CLASSIFICATION AND RISK ASSESSMENT
In 1993, standardized risk criteria for precursor-B cell ALL were established at a workshop sponsored by the Cancer Therapy Evaluation Program (CTEP) of the National Cancer Institute (NCI). Based on the data from the Children’s Cancer Group (CCG), the Pediatric Oncology Group (POG), St. Jude Children’s Research Hospital (St. Jude), and Dana-Farber Cancer Institute (Dana-Farber), risk groups were determined by patient age and WBC count at diagnosis. Children between 1 and 9.99 years with a WBC count <50,000 defined the standard-risk group, and children 10 years and older or children of any age with a WBC count ≥50,000 defined the high-risk group.2 The risk classification described above applies to precursor B-cell ALL and not to T-cell ALL or mature B-cell ALL. At the 1993 workshop, the participants could not agree on whether T-cell ALL risk groups should be assessed by age and WBC count because the participants approached T-cell disease differently. St. Jude and POG treated T-cell ALL as a separate disease while CCG and Dana-Farber treated both immunophenotypes on the same protocols, although T-cell ALL patients were classified as high-risk on the Dana-Farber protocols.2 The outcomes for patients with T-cell ALL at that time were similar among the different treatments.
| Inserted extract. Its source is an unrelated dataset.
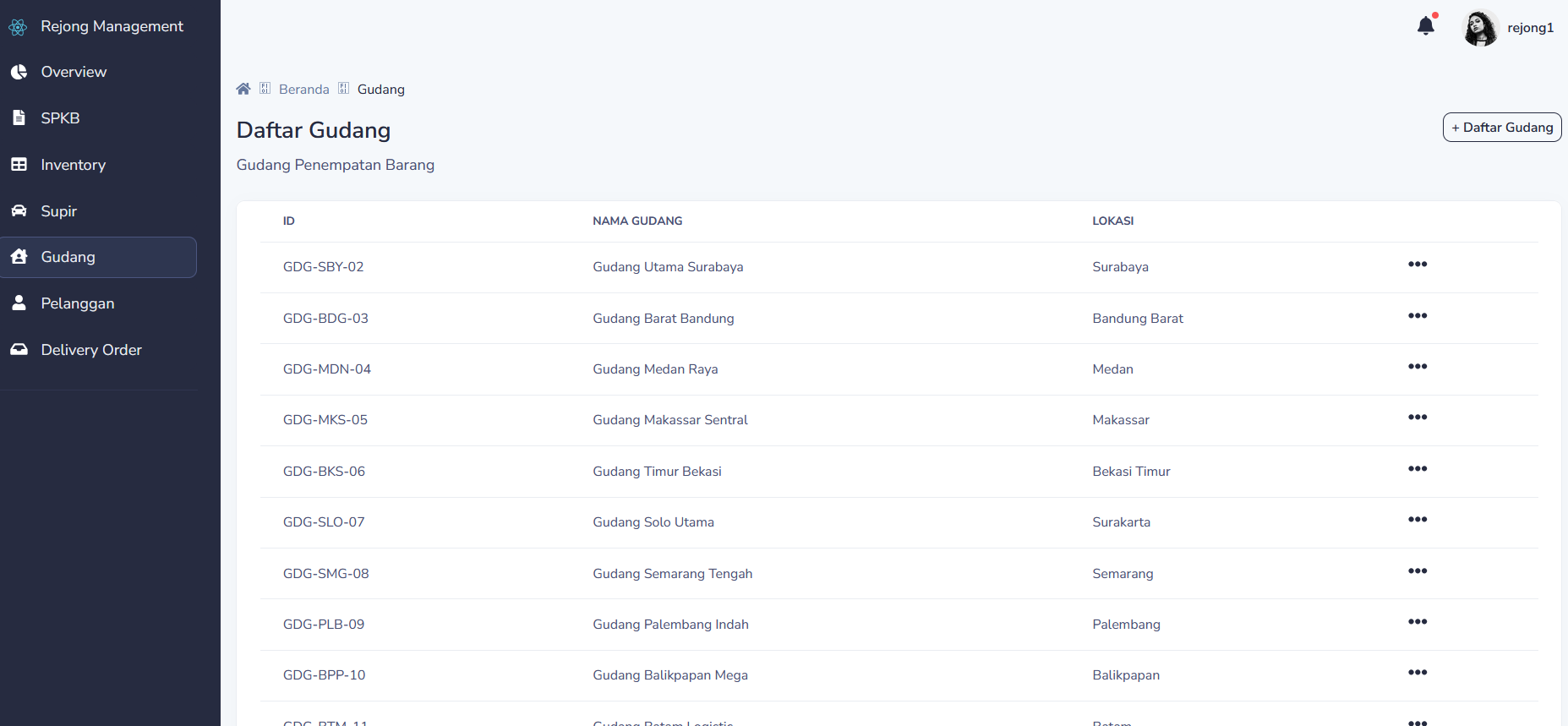 Inventory Management System Dashboard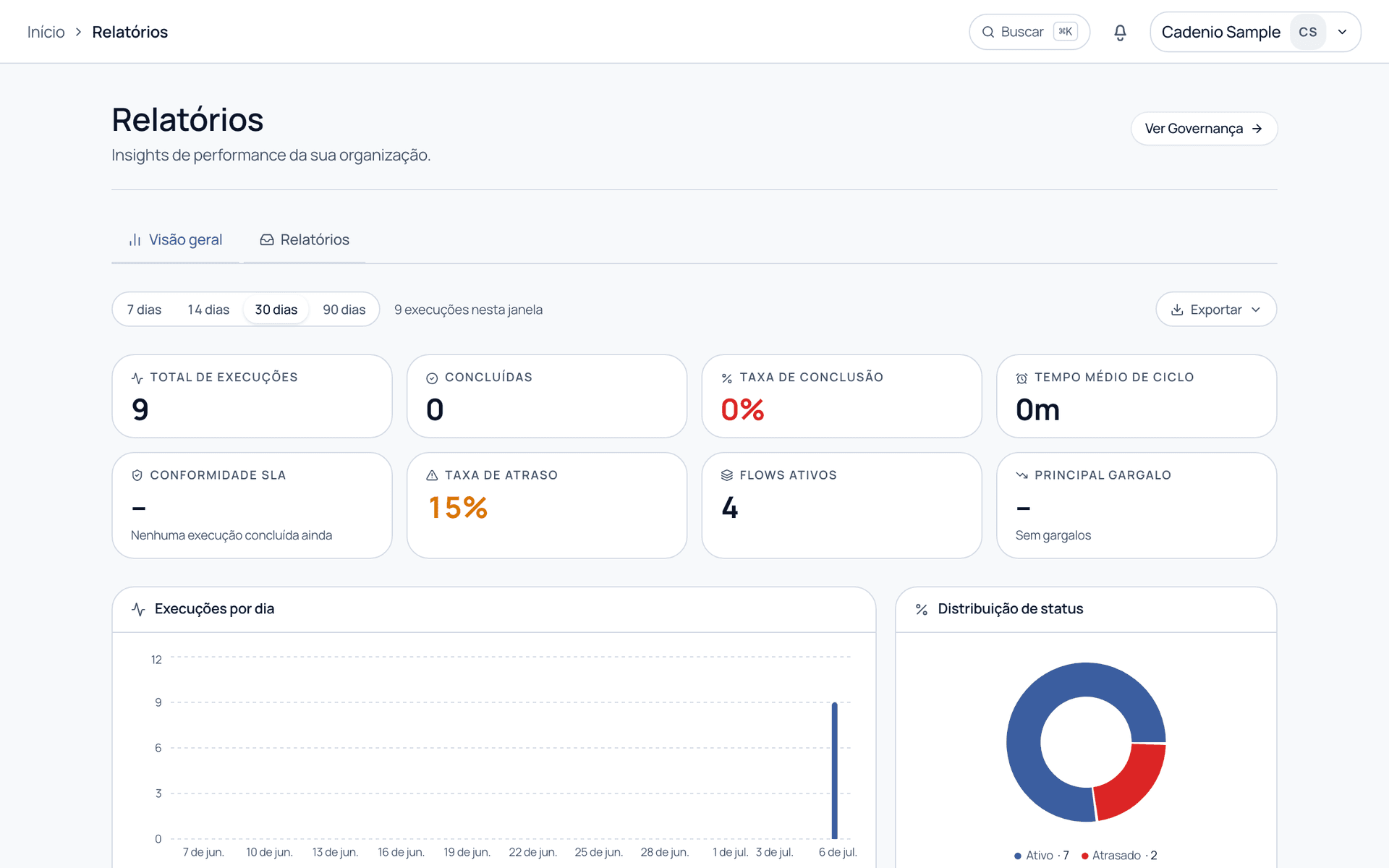 A visão geral de Relatórios com cards de indicadores e gráficos de execuções por dia, distribuição de status, tempo de ciclo e tarefas mais lentas.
When the Children’s Oncology Group (COG) analyzed the results from recent POG and CCG trials, they demonstrated that the outcome of T-cell ALL patients treated on POG trials was better for lower risk age and WBC count3 and equivalent for the higher risk group.4 By the mid-1990s, patients with mature B-cell ALL were treated like patients with advanced stage Burkitt lymphoma, which resulted in improved outcome.5,6 Additional clinical and laboratory data that further refined the risk groups for precursor B-cell ALL included the presence or absence of CNS leukemia or testicular disease, cytogenetic analysis, and response to induction therapy2,7
Patients with extramedullary disease were considered a higher risk subgroup because of a greater disease burden. In addition, the blood-brain or blood-testicle barrier protected leukemia in the CNS or testes. Disease in these sanctuary sites required more aggressive treatment, including radiation therapy8 Patients whose cytogenetic analysis showed the presence of trisomies 4, 10 and 179 or TEL-AML fusion10 were considered a low-risk subgroup due to their better treatment response. Children with MLL rearrangement, commonly associated with infant ALL, were considered a high-risk subgroup because these rearrangements were associated with high-risk features such as high WBC count or slow response to induction therapy.11 Those patients with the Philadelphia chromosome (t-(9;22), Ph+), commonly associated with adult ALL, were considered to be the highest risk group because of their poor outcome regardless of age or WBC count.12,13
CURRENT THERAPY FOR PRECURSOR B-CELL ALL
Treatment for ALL lasts about 3 years and consists of three phases: induction, consolidation, and maintenance with CNS protective therapy given throughout the treatment. Induction therapy is the most intensive phase of therapy and is usually 4 to 6 weeks in length. The object of induction is to place the patient in a complete remission, which means no detectable evidence of leukemia in the bone marrow (<5% lymphoblasts or M1), or extramedullary sites, and normalization of peripheral blood counts.14,15 For children in the NCI-standard-risk group, three drugs are used for systemic therapy: vincristine, asparaginase, and a corticosteroid. Vincristine is given intravenously weekly for four doses. The corticosteroid used for standard-risk patients is dexamethasone daily for 28 days. Polyethylene glycol-conjugated asparaginase (PEG-asparaginase) is given as an intramuscular injection on day 4. For those in the NCI-high-risk group, daunomycin, given intravenously weekly for four doses, is added and the steroid is prednisone daily for 28 days. PEG-asparaginase is used rather than native asparaginase, because it is equally effective and less immunogenic.16 Although dexamethasone provides better CNS protection than prednisone,17 patients older than 10 years have a higher incidence of osteonecrosis with dexamethasone,18 so prednisone becomes the steroid of choice. These regimens produce a >95% remission rate by the end of induction therapy.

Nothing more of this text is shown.